Perhaps performance is where my way of looking at things comes from - I started programming because I wanted to write games, so I was performance-conscious from the start.

>If I don't know that, if I can't construct that interpretation, then I feel very uncomfortable about the code.

This is probably the biggest difference with myself. If I have a clear concept of how the abstractions operate in the context of the related abstractions and the big picture, I feel perfectly comfortable not knowing the details of how it gets done at a lower level. To me, the details just get in the way of comprehending the big picture.
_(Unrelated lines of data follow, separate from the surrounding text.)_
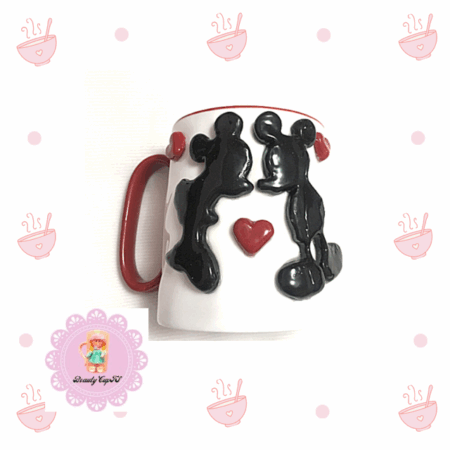 Jarro Mickey y Minnie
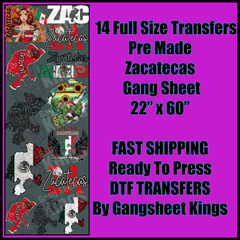 Zacatecas Gangsheet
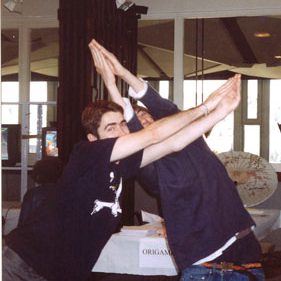 Convention manga Japanim Spirit 4 en 2004 à Vannes, équipe No-Xice©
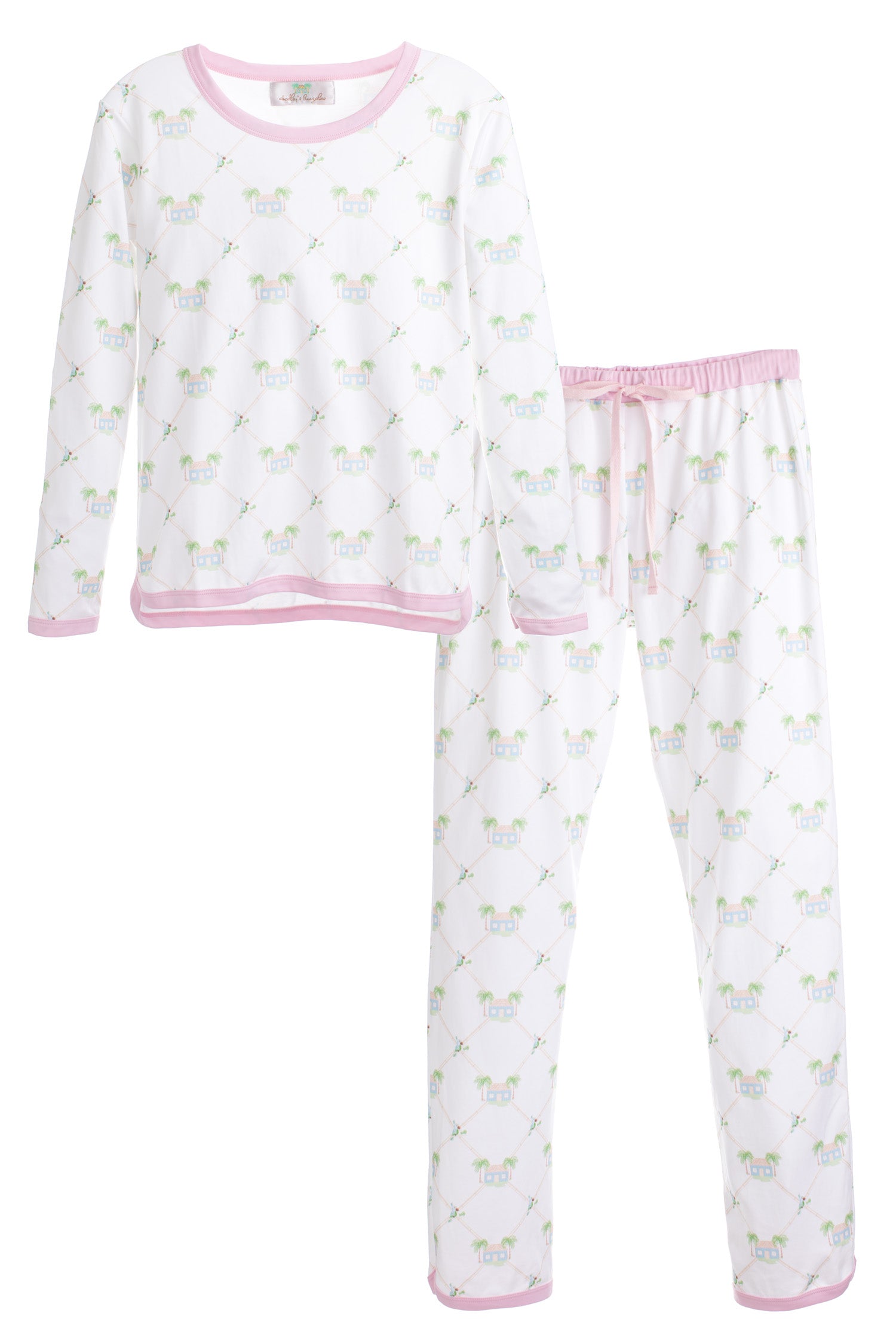 Signature Print Long Set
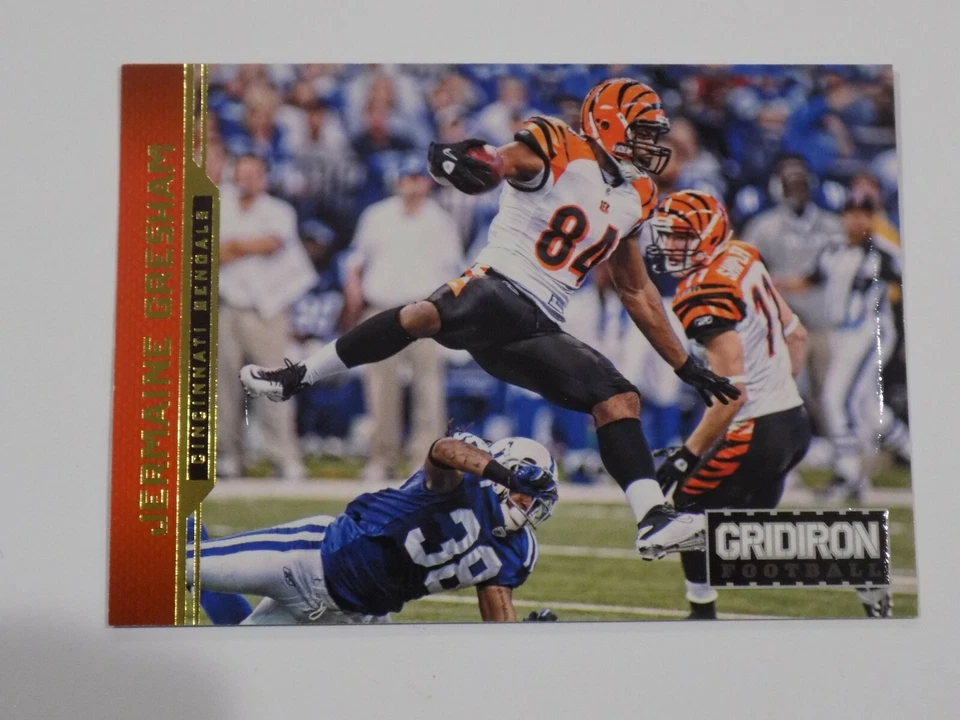 2012 Gridiron Football Jermaine Gresham Card #42 Serial #074/100 - Image 1 of 1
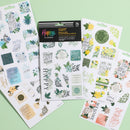Happy Planner Sticker Sheets 5/Sheets Colour Story Florals, 76 Pieces*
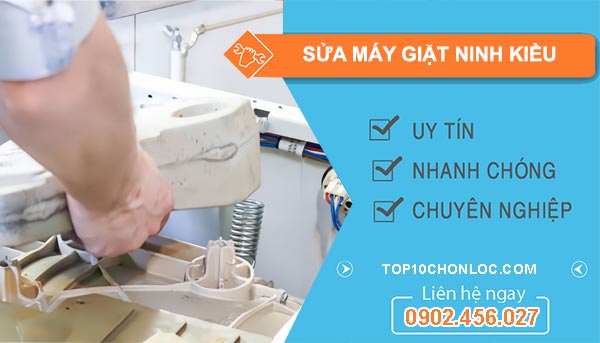 sửa máy giặt tại ninh kiều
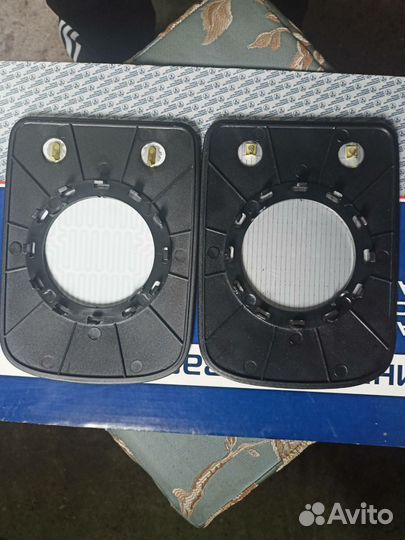 Зеркальный элемент с подогревом газель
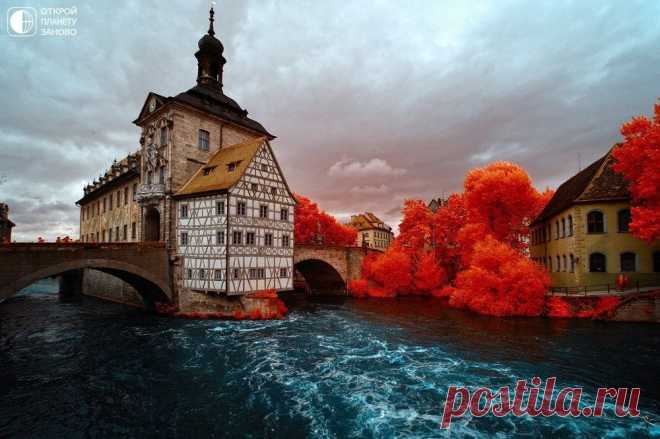 Ратуша Бамберга - Путешествуем вместе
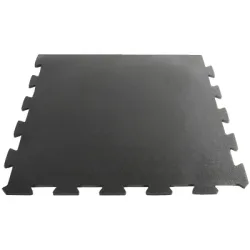 Stecksystem Sport-Tile, Randelement, LxB 610 x 610 mm COBA
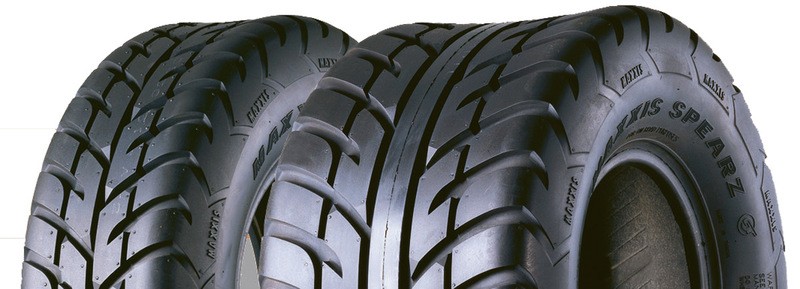 Pneu MAXXIS SPEARZ M991 AT25X8-12 43N pour quad homologue route
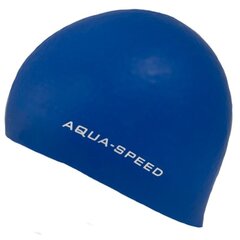 uimalakki Aqua Speed ​​​​silikoni 3D Cap hinta ja tiedot | Uimalakit | hobbyhall.fi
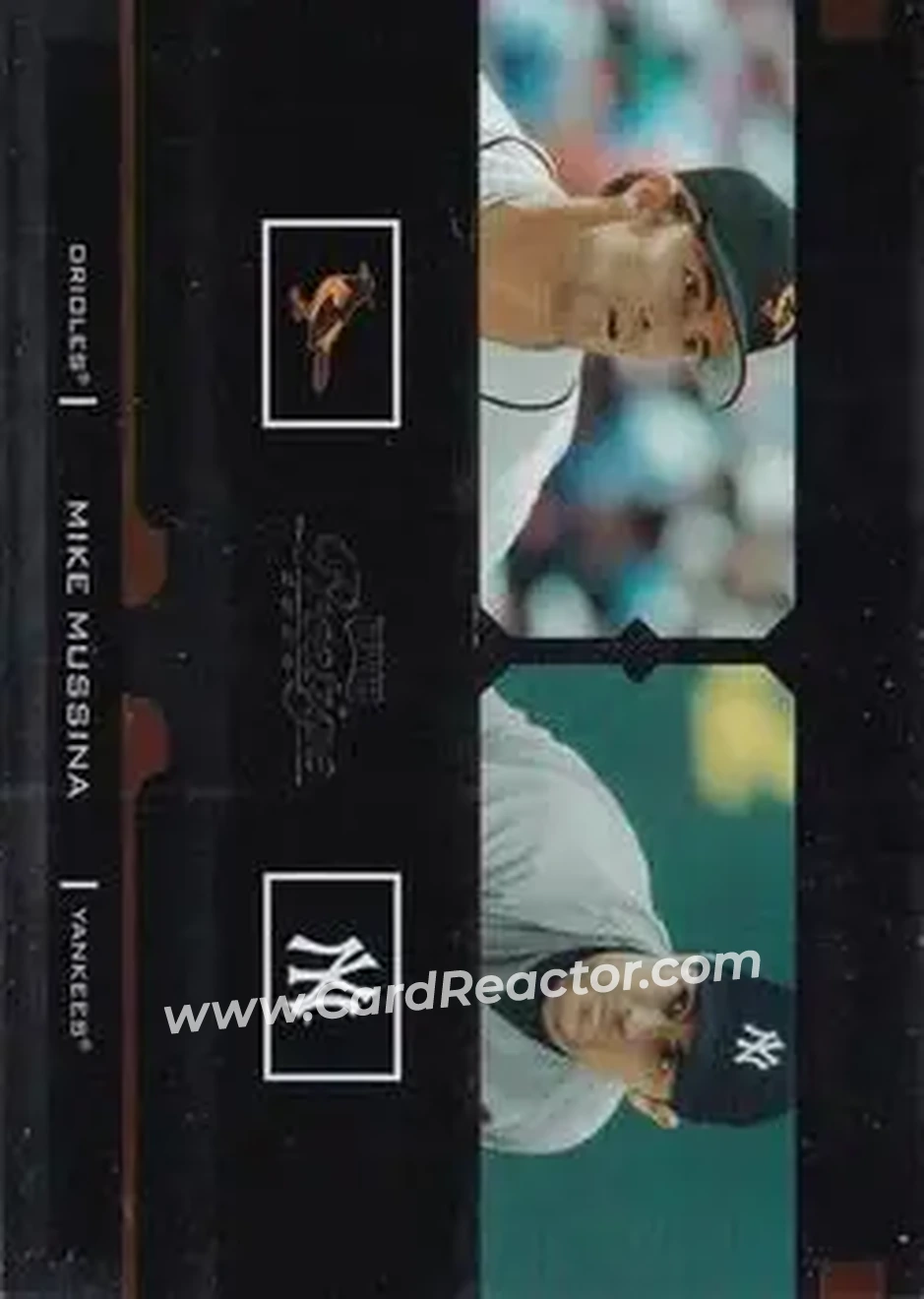2004 Playoff Prestige - Changing Stripes Foil #CS-2 - Mike Mussina - Front 2004 Playoff Prestige - Changing Stripes Foil #CS-2 - Mike Mussina - Front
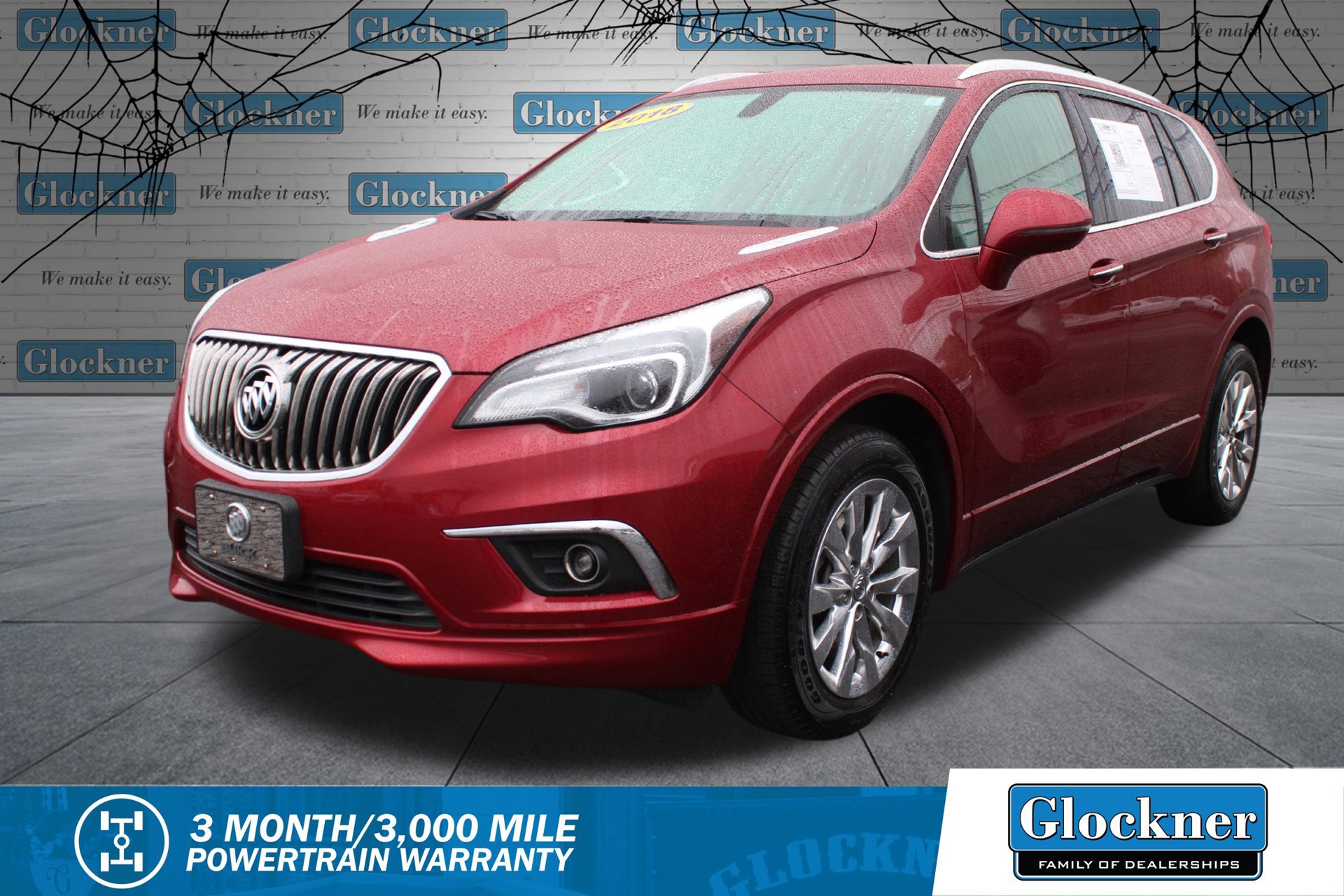 2018 Buick Envision Essence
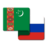 Turkmen Russian Translate icon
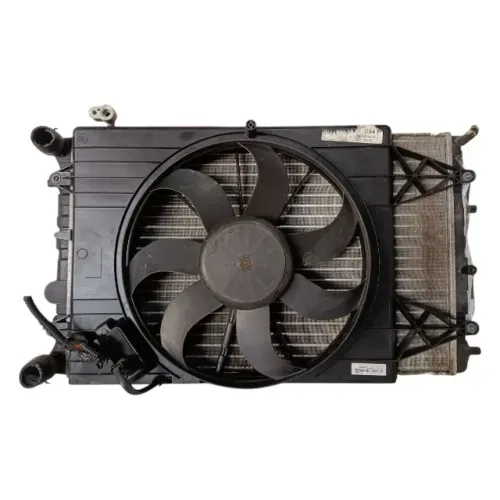 Kit Conjunto Radiador Gol G5 G6 G7 G8 Fox Voyage Saveiro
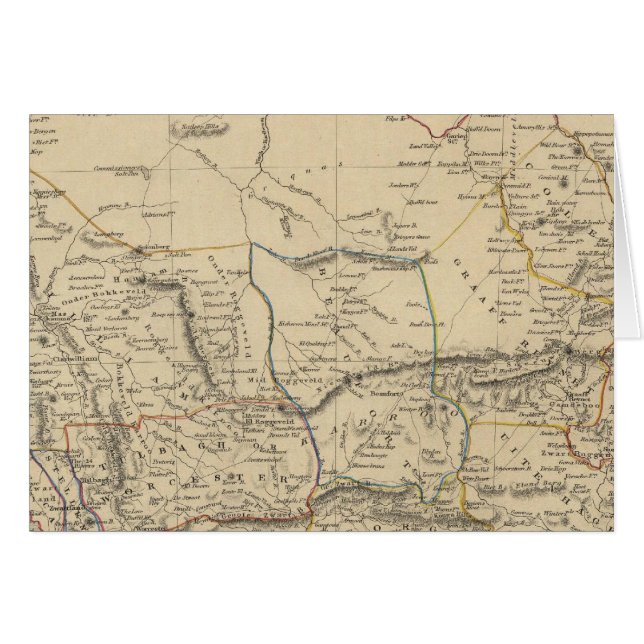 Cartão Colônia de Cabo (Frente Horizontal)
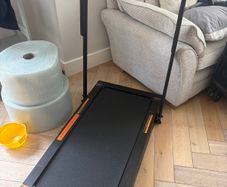 Lysole 4 in 1 walking pad with vibration & incline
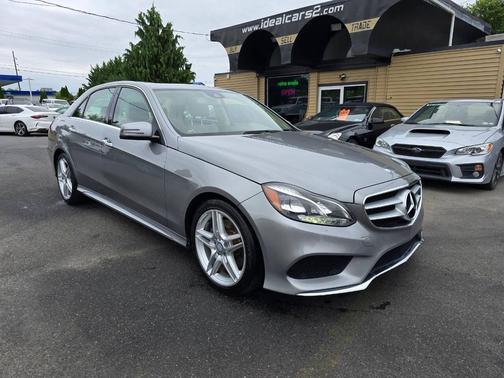 2014 Mercedes-Benz E-Class E 350 Sport 4MATIC AWD 4dr Sedan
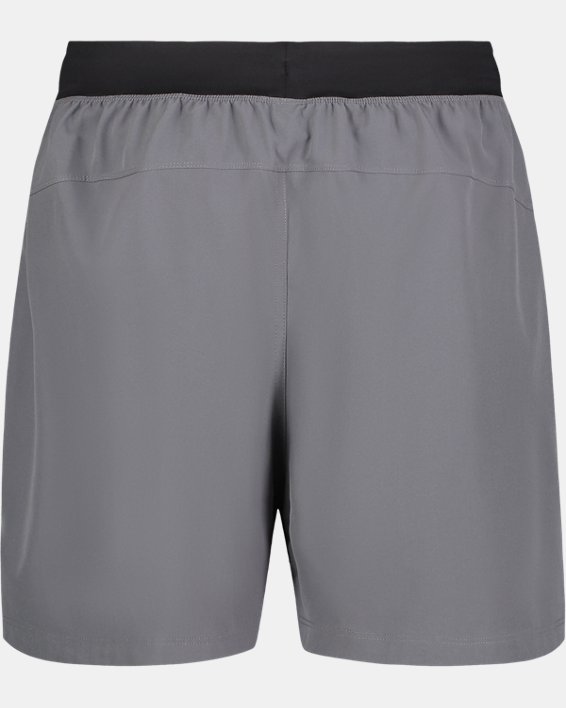 Men's UA Comfort Waistband Notch Shorts, Gray, pdpMainDesktop image number 6
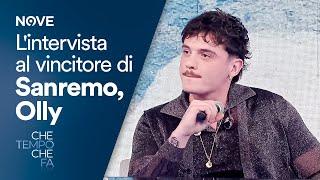 L'intervista al vincitore di Sanremo Olly | Che tempo che fa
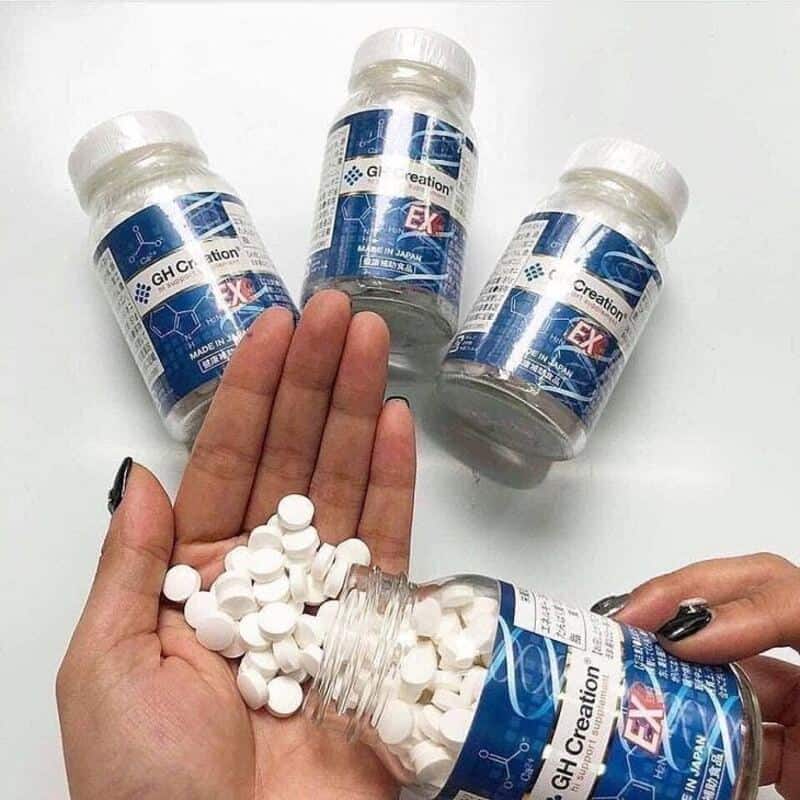 Thuốc tăng chiều cao GH Creation Ex có công dụng gì?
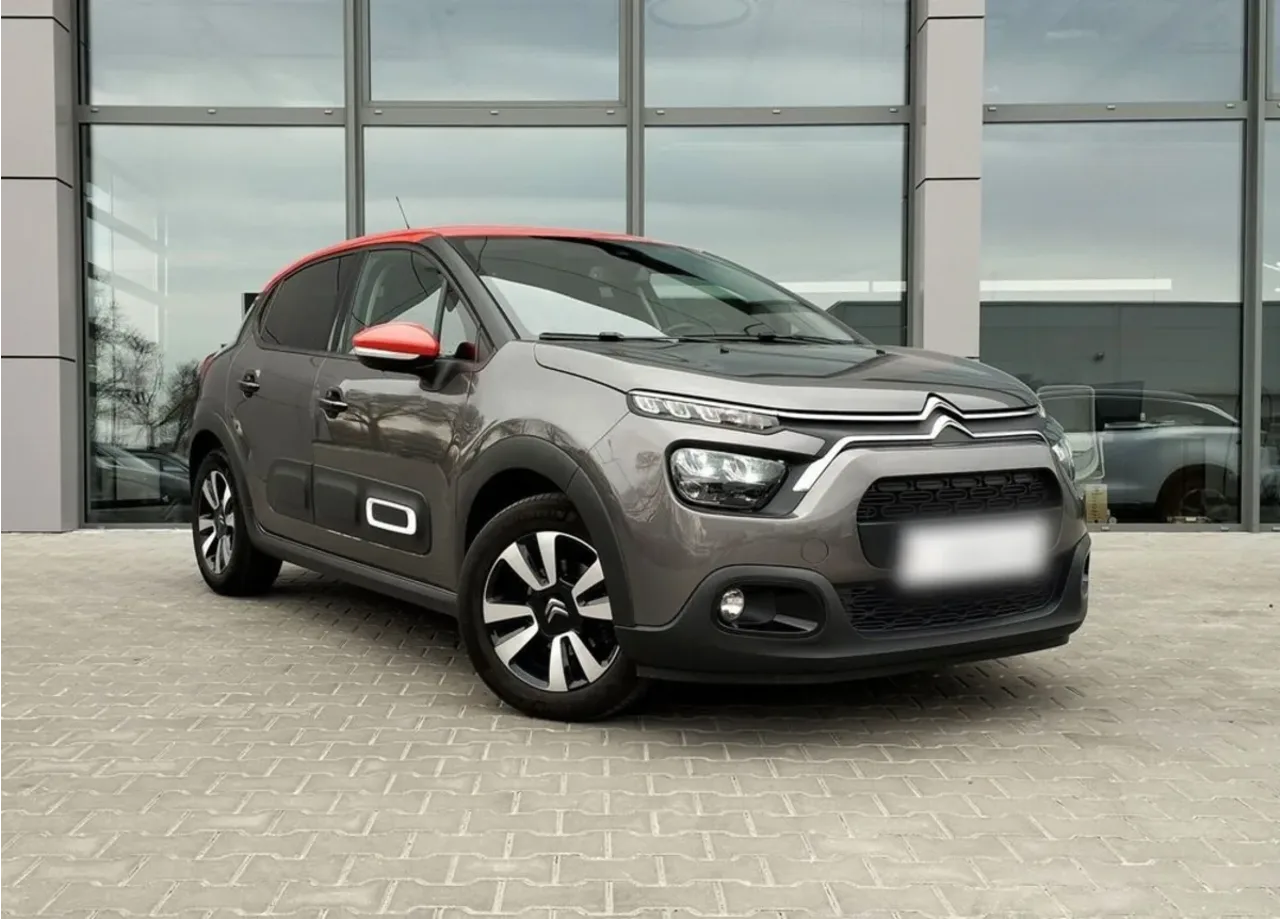 Citroen C3 1.2 PureTech Shine 2023 - вживаний автомобіль в лізингу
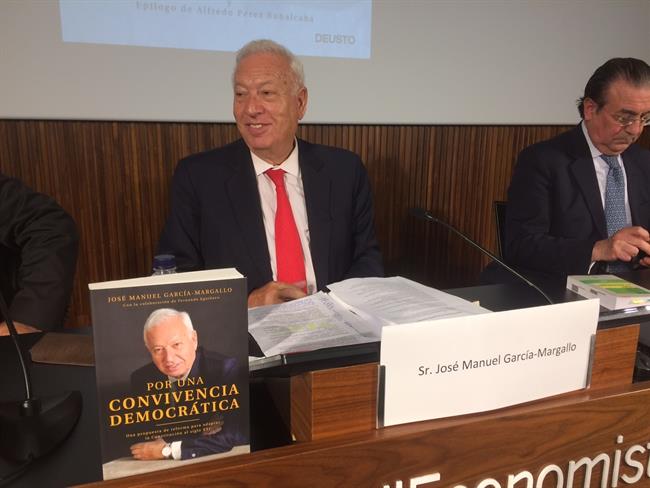 El exministro José Manuel García Margallo | EUROPA PRESS ep exministro jose manuel garcia margallo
A common problem with code written like that is checking the same preconditions repeatedly (or worse - never) and transforming data one way and back for no reason. I remember a bug I helped fix a fresh graduate that joined our project. It crashed with NPE when a list was empty. It's weird cause empty list should cause IndexOutOfBound if anything and the poor guy was stumped.

I looked at call stack and we got list as input then it was changed to null if it was empty then it was checked for size and in yet another function it was dereferenced and indexed.

Guy was trying to fix it by adding yet another if then else 5 levels in callstack below the first time it was checked for size. No doubt then another intern would have added even more checks ;)

If you don't know what happens to your data in your program you're doing voodoo programming.